I think they act like arrogant fools. The end.

John Chasnoff

This was written so beautifully and presisely; I was captivated with this piece, even as Brian made his points. Sense and sensability.

from Richard, V...

I'm certainly aware of Big Brother and how he thinks about your Amendment rights, which cease to exist when he can say he was "calling you to serve your country" or some equally patriotic pap that sounds great and is in reality a smoke screen more than an answer.
This article only reinforces what I've thought since I returned from Vietnam. At times I wonder if I'm being hypersensitive in my instinctive reaction against our government, especially when questioning their motives for doing anything. Then I read an article like this and feel somewhat vindicated in my response rather than believing it to be reactionary hypersensitivity, like someone in the Army said of me when I hesitated to follow his orders.

Some lines in the poem by Lord Tennyson says it so well:

"Was there a man dismayed, not though the soldier knew, someone had blundered. Theirs not to make reply, theirs not to reason why, theirs but to do and die. Into the valley of death rode the 600 hundred...stormed at with shot and shell, boldly they rode and well; into the jaws of death, into the mouth of hell rode the 600...charging an Army while all the world wondered...Then they rode back but not - not - the 600...They that had fought so well, came back through the jaws of death, back from the mouth of hell all that was left of them, left of 600."

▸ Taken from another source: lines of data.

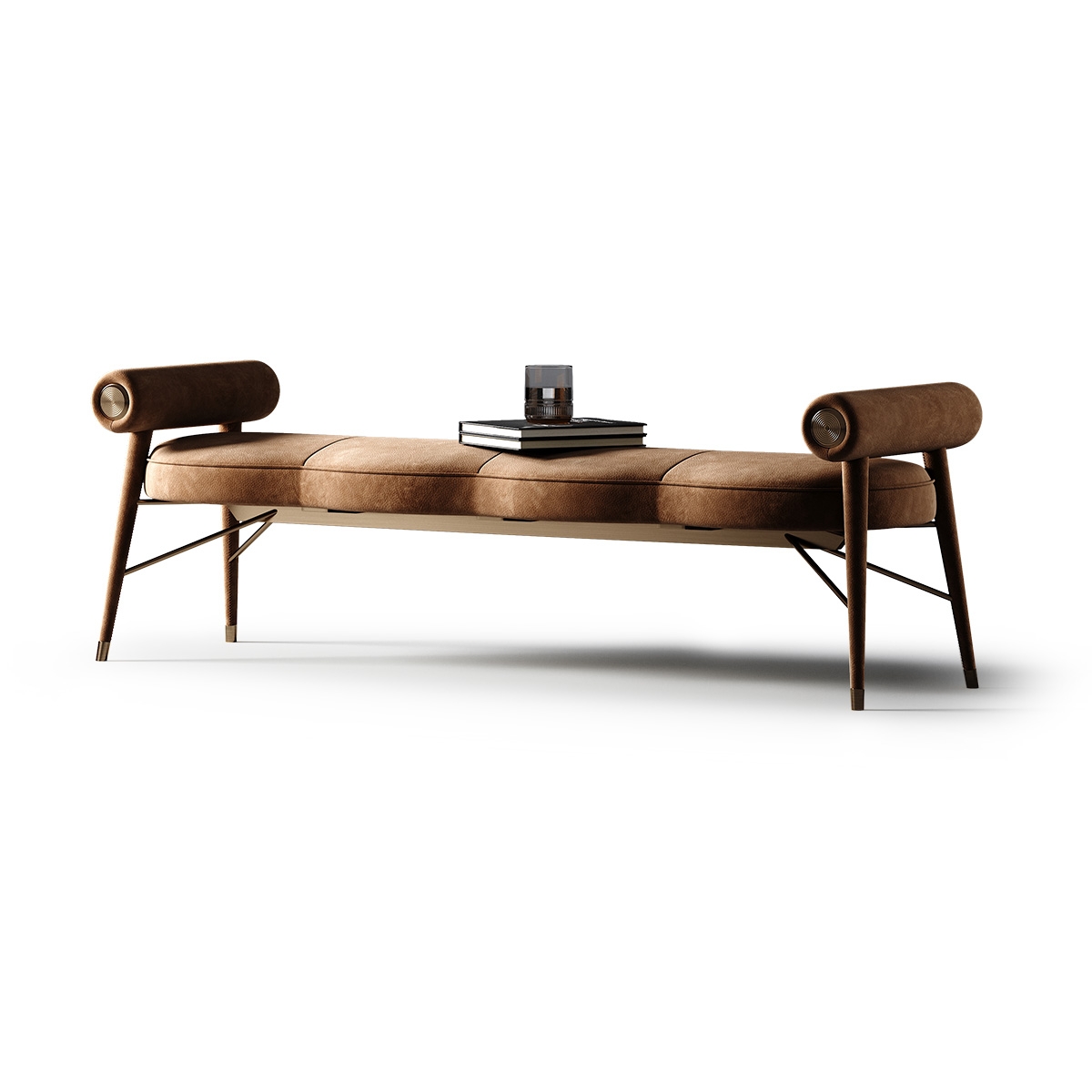 Ruoshui Bed Bench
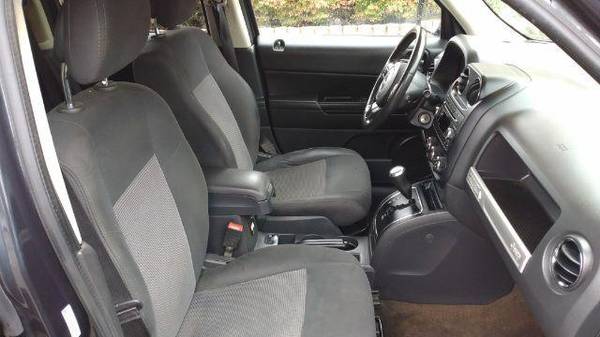 2014 Jeep Patriot Latitude 4x4 4dr SUV - - by dealer for sale in Parsippany, NJ – photo 5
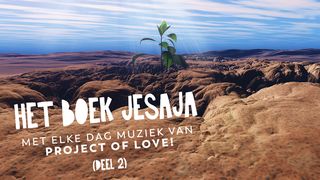 Beloften vanuit Jesaja met muziek van Project of Love (deel 2) Jesaja 40:11 BasisBijbel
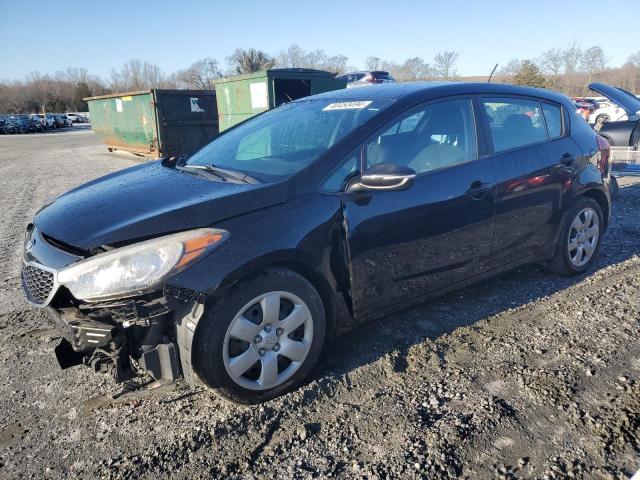 KIA FORTE LX 2016 with VIN KNAFK5A88G5648654 - Photo from auction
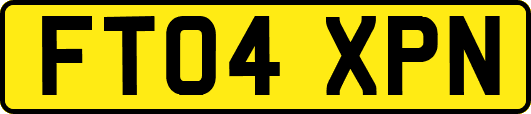 FT04XPN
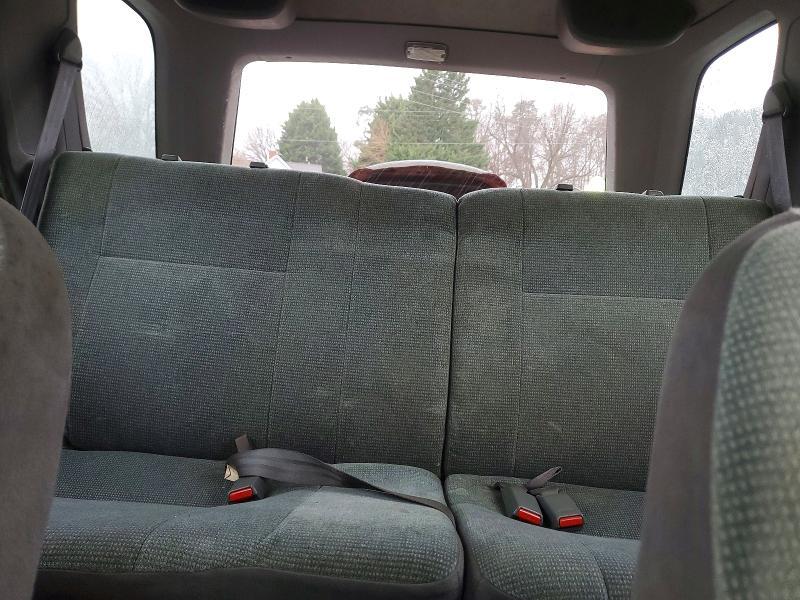 1996 Honda Passport ex
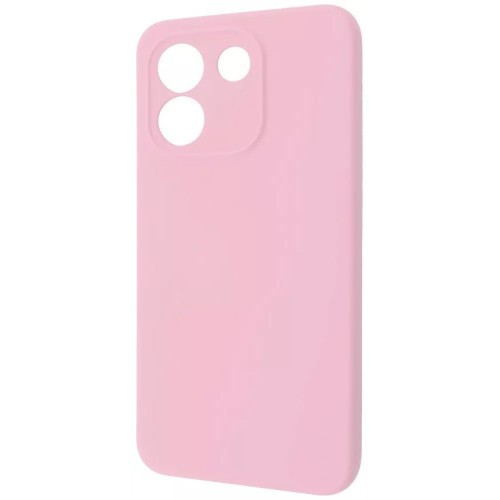 Чохол WAVE Full Silicone Cover для Xiaomi Redmi Note 17 Pro Max (pink sand)-0
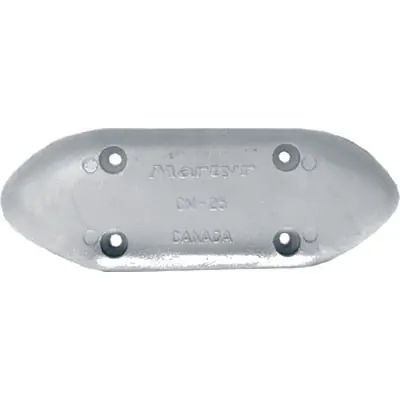 Free Returns Martyr Anodes Anode-Hull Sml Streamlined Cmm25A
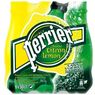 Perrier - Eau min�rale gazeuse aromatis�e citron jaune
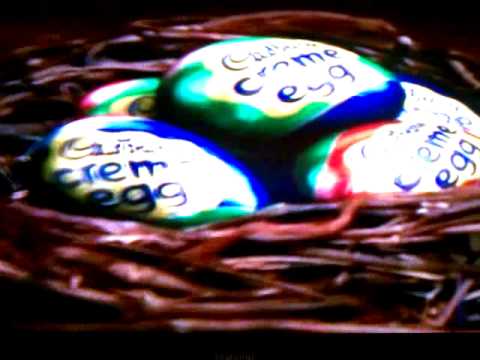 1994 Cadbury Bunny Tryouts Commercial  FunnyDog.TV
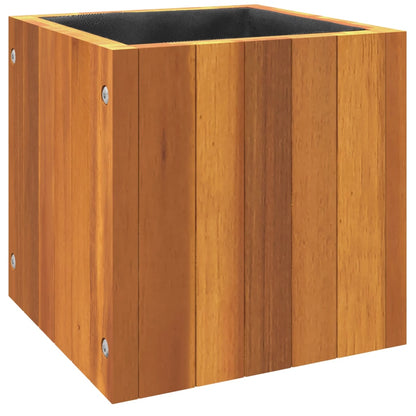 Garden Planter Solid Wood Acacia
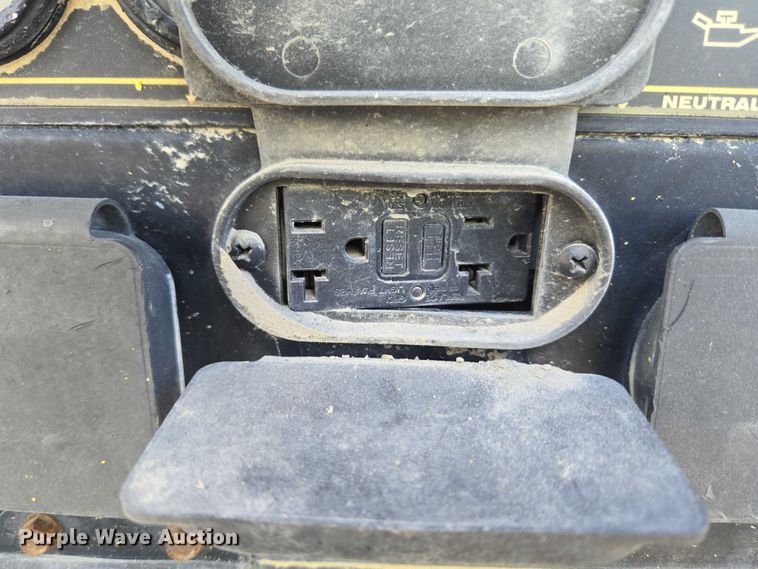 image for item ET5432 Lincoln Vantage 400 welder/generator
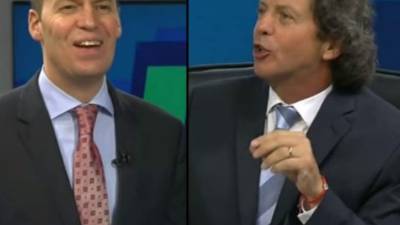 Ambos han tenido varios percances en los programas.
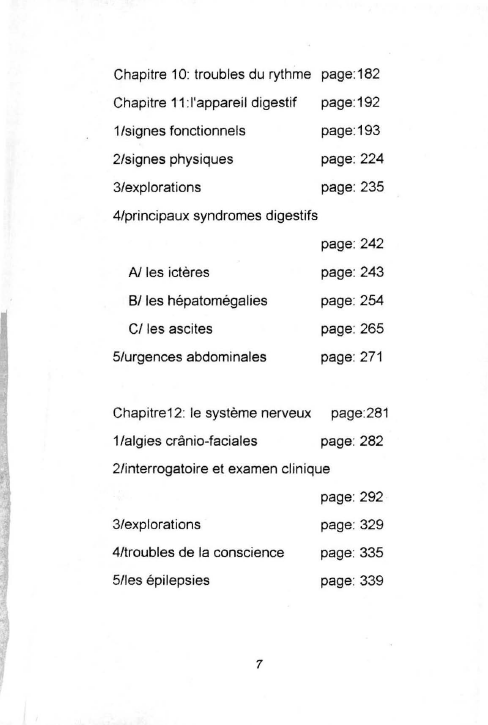 Sommaire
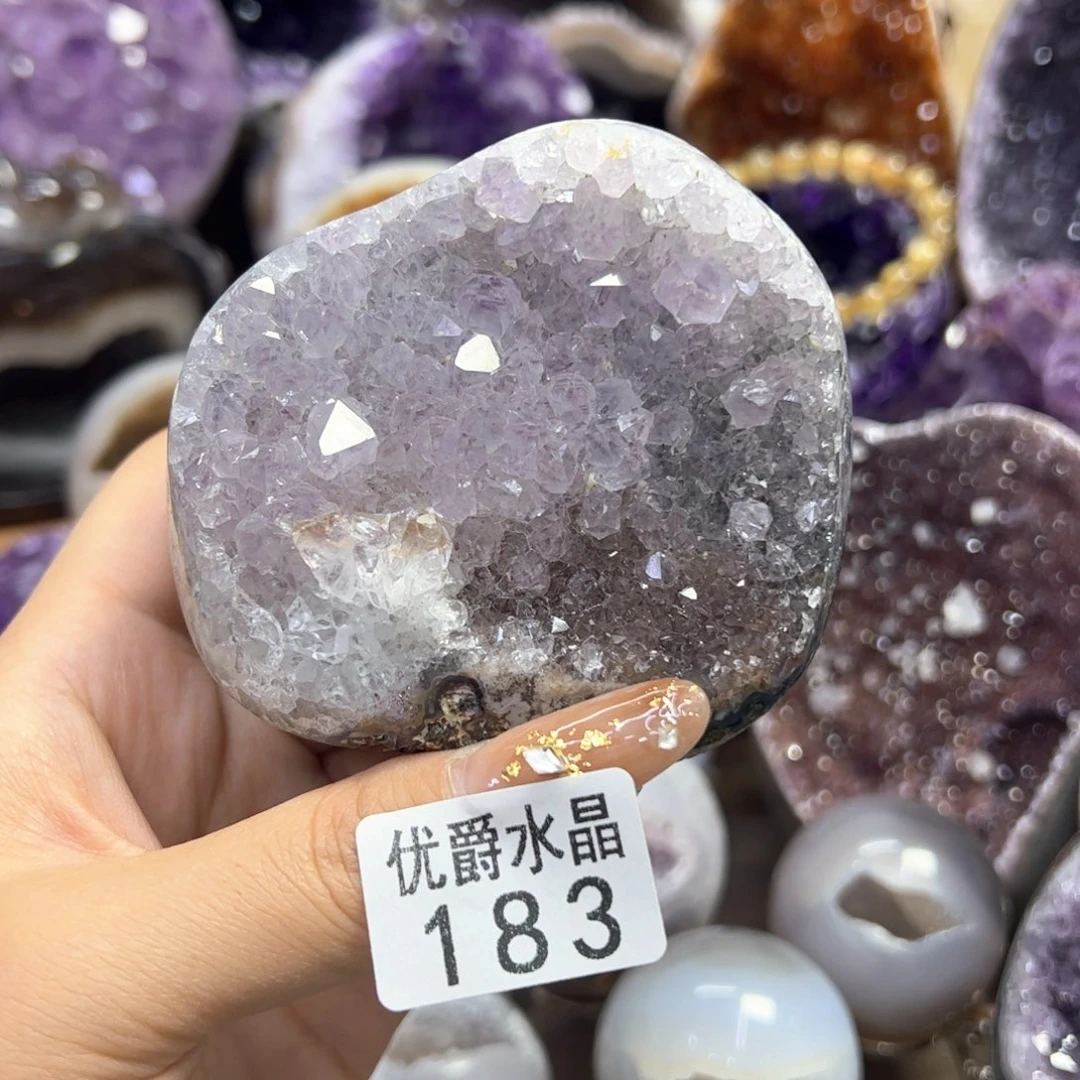 未镶嵌大型摆件（非配饰）水晶183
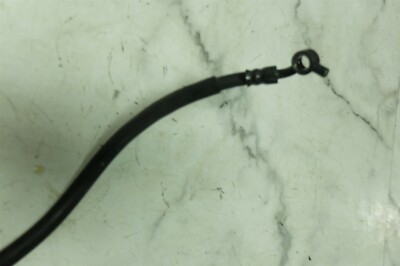 09 Kawasaki ZX14 ZX1400 ZX 14 1400 clutch hydraulic line hose | eBay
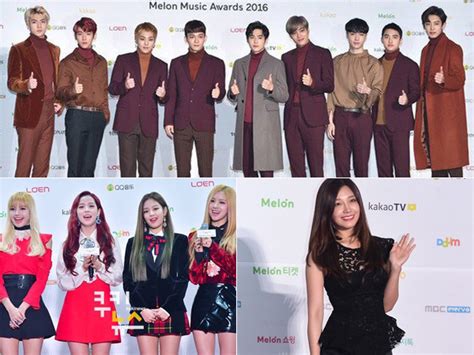 Simak Gaya Fashion Para Idola K Pop Di Red Carpet Melon Music Awards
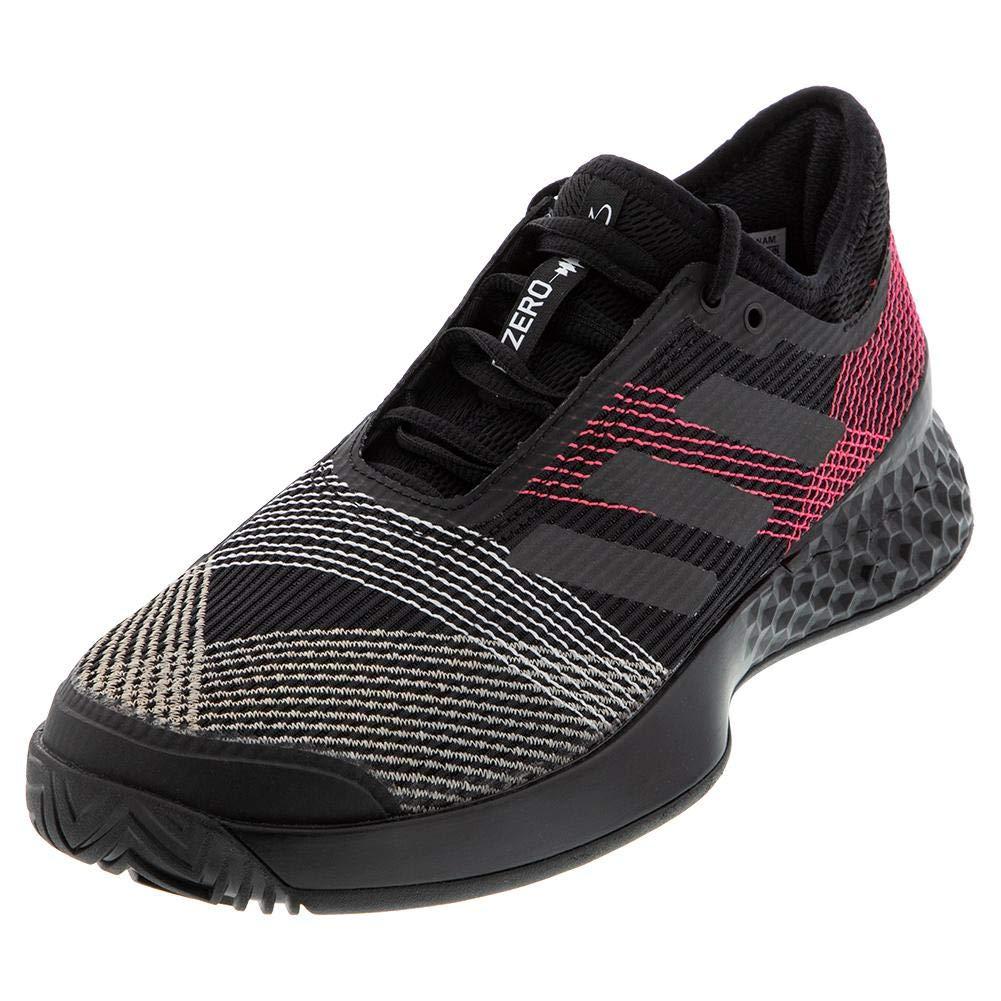 adidas Adizero Ubersonic 3 Tennis Shoe in Black for Men - Save 1% - Lyst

I'm not a big poetry lover, but every one of those lines come together to describe in overwhelmingly exact detail of what a war experience is like for many soldiers. Unfortunately, Vietnam was no Light Brigade and returning soldiers were more apt to be dishonored by society of the time than honoring them and calling what they did 'glory.'

You start to wonder if everything you perceive is being bent and twisted into your new reality of life when you return, which is forever changed after such an experience.
Then you see an article like this and feel glad to know it's not ONLY you, that other people are seeing through Big Brother's schemes to weave a tangled web of deceit they think will pass as truths.